◆ **TASK TO COMPLETE**
With both ends included, repeat exactly the lines of the entries below from the one containing "Kimhatter Double-Sided Alloy" down to the one containing "VELMADE Fogless Shower", and no others.

-------- RECORDS TO USE

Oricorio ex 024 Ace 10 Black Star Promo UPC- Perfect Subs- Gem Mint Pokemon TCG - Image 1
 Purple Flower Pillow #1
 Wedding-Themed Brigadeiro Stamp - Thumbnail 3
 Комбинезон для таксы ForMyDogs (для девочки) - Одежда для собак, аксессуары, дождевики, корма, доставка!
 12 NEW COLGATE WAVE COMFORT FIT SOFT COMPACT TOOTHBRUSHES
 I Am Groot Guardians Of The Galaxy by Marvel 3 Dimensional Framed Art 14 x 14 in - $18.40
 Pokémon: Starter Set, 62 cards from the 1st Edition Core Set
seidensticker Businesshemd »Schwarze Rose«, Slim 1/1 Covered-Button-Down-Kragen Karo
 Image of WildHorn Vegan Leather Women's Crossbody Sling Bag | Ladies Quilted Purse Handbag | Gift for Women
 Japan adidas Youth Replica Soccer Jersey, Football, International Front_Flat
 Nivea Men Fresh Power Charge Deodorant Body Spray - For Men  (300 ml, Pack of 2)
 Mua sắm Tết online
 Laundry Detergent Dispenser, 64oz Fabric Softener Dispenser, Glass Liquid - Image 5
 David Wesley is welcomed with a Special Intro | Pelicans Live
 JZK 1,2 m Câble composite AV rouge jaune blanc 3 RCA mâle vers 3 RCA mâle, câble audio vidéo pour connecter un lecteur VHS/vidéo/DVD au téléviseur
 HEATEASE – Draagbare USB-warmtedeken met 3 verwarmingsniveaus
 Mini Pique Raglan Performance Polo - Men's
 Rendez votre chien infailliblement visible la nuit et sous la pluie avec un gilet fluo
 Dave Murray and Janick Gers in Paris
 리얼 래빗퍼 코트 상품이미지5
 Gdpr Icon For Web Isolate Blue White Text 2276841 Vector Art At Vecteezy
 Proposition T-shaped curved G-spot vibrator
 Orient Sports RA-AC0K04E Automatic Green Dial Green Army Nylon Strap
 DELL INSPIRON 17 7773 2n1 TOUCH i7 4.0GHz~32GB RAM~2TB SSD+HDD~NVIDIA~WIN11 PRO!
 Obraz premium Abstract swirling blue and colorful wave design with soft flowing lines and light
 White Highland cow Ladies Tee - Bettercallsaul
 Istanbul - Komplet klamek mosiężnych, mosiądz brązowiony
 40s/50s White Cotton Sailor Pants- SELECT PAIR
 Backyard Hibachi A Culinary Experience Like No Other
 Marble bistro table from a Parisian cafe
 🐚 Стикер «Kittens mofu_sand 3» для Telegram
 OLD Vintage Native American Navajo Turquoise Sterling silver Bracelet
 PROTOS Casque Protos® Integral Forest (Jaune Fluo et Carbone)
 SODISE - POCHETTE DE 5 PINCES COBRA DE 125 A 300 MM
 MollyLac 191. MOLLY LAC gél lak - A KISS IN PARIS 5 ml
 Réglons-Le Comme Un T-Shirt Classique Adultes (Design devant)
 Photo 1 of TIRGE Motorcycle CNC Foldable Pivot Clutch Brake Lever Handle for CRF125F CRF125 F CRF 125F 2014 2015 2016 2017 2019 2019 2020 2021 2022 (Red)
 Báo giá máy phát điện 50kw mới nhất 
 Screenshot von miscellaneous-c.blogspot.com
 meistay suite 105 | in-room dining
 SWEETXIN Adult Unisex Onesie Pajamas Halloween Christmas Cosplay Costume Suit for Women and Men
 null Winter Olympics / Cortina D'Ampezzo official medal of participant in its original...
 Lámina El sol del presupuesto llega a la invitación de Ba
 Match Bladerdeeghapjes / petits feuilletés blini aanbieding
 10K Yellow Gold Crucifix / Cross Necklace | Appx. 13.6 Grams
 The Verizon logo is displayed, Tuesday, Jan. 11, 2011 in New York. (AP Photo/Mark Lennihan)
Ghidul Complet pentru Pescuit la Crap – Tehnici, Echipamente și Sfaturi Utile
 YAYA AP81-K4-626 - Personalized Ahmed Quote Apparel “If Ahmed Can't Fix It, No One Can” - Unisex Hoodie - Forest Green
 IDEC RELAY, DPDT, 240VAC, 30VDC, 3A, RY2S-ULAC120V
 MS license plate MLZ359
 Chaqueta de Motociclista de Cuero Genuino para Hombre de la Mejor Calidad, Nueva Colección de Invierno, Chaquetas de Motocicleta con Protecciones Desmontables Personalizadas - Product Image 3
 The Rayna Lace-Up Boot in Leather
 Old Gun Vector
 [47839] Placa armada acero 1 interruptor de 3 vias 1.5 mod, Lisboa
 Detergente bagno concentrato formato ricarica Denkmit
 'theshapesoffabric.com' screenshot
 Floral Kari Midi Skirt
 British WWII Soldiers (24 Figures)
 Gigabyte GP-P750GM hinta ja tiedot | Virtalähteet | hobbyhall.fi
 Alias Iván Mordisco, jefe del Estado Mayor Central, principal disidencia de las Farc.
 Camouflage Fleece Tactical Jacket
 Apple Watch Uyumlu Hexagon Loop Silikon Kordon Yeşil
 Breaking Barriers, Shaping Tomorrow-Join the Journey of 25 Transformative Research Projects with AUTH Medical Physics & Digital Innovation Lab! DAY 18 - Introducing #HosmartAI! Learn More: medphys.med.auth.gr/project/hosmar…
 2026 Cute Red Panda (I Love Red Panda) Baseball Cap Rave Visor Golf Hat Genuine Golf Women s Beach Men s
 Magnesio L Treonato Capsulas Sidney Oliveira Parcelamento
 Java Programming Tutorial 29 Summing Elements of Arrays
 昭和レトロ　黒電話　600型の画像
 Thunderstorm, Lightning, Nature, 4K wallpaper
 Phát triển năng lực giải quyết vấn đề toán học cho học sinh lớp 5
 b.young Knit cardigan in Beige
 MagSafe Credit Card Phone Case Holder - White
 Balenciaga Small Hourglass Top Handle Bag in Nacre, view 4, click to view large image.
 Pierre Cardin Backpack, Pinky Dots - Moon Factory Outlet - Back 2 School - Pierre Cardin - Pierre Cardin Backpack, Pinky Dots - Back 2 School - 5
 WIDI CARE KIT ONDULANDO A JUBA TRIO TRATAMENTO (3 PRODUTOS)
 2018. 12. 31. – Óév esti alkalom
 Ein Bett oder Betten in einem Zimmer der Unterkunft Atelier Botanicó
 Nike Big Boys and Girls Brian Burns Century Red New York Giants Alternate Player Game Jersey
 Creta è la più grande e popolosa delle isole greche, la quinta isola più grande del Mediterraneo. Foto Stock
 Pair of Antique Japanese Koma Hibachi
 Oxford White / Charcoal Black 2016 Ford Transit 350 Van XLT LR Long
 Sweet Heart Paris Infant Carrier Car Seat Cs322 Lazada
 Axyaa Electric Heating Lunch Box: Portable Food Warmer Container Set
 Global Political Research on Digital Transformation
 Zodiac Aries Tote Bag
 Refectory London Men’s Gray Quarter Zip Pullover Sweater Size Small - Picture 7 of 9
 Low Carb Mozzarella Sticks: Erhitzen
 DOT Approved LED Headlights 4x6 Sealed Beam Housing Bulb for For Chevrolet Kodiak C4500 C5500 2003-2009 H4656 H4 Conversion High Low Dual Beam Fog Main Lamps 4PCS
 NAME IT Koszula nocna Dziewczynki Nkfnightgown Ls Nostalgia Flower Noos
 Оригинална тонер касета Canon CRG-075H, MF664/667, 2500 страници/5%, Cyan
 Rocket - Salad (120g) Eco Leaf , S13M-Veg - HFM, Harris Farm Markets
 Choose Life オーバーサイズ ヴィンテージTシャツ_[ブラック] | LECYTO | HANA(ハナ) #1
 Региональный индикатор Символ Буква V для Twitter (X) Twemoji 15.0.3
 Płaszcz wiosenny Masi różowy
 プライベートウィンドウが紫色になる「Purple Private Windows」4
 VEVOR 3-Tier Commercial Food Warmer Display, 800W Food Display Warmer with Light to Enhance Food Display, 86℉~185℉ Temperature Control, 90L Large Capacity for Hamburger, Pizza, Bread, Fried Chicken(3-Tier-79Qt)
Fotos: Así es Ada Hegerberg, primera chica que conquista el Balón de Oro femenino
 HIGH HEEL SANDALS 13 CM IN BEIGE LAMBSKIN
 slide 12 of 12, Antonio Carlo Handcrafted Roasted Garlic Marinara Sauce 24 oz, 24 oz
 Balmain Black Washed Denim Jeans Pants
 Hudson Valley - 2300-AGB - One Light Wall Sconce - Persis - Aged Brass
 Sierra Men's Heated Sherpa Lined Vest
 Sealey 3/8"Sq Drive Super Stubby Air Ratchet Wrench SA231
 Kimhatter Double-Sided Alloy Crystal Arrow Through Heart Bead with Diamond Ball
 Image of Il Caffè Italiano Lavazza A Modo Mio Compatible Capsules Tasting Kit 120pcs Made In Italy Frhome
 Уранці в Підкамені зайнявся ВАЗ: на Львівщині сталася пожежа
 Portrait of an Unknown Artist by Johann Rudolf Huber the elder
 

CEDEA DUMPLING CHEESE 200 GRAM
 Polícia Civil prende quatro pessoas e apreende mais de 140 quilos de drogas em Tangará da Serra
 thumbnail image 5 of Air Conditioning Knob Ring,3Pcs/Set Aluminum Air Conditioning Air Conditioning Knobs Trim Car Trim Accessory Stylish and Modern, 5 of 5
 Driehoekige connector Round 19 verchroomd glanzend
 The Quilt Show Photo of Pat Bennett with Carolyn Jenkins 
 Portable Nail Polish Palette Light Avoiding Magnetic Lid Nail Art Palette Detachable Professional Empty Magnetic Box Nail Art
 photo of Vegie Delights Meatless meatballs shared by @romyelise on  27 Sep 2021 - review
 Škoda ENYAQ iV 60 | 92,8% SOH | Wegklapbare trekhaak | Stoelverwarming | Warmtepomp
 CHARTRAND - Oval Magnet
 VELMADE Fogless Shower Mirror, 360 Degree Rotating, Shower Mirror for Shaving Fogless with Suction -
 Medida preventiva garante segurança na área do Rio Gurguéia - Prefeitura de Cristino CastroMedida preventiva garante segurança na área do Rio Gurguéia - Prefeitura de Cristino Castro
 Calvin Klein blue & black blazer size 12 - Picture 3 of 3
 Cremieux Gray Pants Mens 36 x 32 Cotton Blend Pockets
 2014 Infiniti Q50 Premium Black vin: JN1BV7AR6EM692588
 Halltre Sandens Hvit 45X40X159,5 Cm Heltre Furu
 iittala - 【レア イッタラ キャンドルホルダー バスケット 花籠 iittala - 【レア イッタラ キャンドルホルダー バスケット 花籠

----------------

◆ **EXERCISE OUTPUT**
 Kimhatter Double-Sided Alloy Crystal Arrow Through Heart Bead with Diamond Ball
 Image of Il Caffè Italiano Lavazza A Modo Mio Compatible Capsules Tasting Kit 120pcs Made In Italy Frhome
 Уранці в Підкамені зайнявся ВАЗ: на Львівщині сталася пожежа
 Portrait of an Unknown Artist by Johann Rudolf Huber the elder
 

CEDEA DUMPLING CHEESE 200 GRAM
 Polícia Civil prende quatro pessoas e apreende mais de 140 quilos de drogas em Tangará da Serra
 thumbnail image 5 of Air Conditioning Knob Ring,3Pcs/Set Aluminum Air Conditioning Air Conditioning Knobs Trim Car Trim Accessory Stylish and Modern, 5 of 5
 Driehoekige connector Round 19 verchroomd glanzend
 The Quilt Show Photo of Pat Bennett with Carolyn Jenkins 
 Portable Nail Polish Palette Light Avoiding Magnetic Lid Nail Art Palette Detachable Professional Empty Magnetic Box Nail Art
 photo of Vegie Delights Meatless meatballs shared by @romyelise on  27 Sep 2021 - review
 Škoda ENYAQ iV 60 | 92,8% SOH | Wegklapbare trekhaak | Stoelverwarming | Warmtepomp
 CHARTRAND - Oval Magnet
 VELMADE Fogless Shower Mirror, 360 Degree Rotating, Shower Mirror for Shaving Fogless with Suction -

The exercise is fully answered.